The Concerto For Piano, Strings And Timpani was written in 1946 when she was 27 years old, and is considered her first work as a composer.  It is in one continuous movement and is one of her most accessible works:

The work begins with the soloist playing a rhythmic figure that is heard sporadically throughout the composition.  The music is still divided by bar lines with shifting of time signatures from 4/4, 6/8, and 3/4. Although in later years Ustvolskaya denied that Shostakovich was any influence on her music, this concerto shows that not to be the case as there are examples that hearken back to Shostakovich's style. There are basically two themes in the work that weave in and out in sections that are at times strong and rugged and other times lyrical and melodic. This concerto doesn't do away with major-minor key relationships altogether. There is an organic quality of growth in the work that comes full circle with the finale that returns again to the opening rhythmic motive that is brutally repeated by the piano until the closing chord, a stylistic trait that she repeated in other works to the extent that a critic labeled her The Lady With The Hammer.
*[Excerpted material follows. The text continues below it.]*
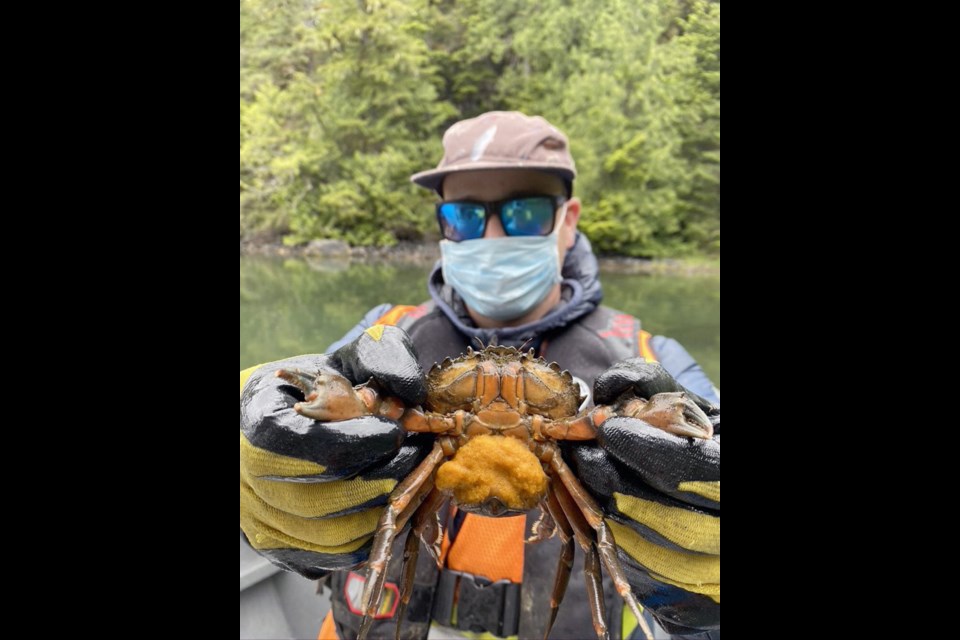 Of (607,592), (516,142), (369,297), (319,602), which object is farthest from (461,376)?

Ustvolskaya's music became more and more avant garde through the years, and she became incredibly particular about performances of her music, which probably didn't help in getting them performed.  A spiritual (but not religious) element also entered into her later works.  Opinions from her contemporaries about Ustvolskaya's music range from those who love it to those who detest it, and the same goes for Ustvolskaya the person.  She remains somewhat of an enigma as well as a paradox; shy but yet brutally aggressive in her music, solitary in the extreme but an able and innovative teacher. She was born in the city of Petrograd in 1919, spent most of her life in the city of Leningrad, and died in the city of St. Petersburg in 2006, all of which are changes to the same city's name during her lifetime - a reflection of the great social and artistic upheaval she lived through. She seemed to weather the storm with no regrets as she remained true to her unique artistic vision.  Her music will most likely never be very popular, but she probably understood that better than anyone.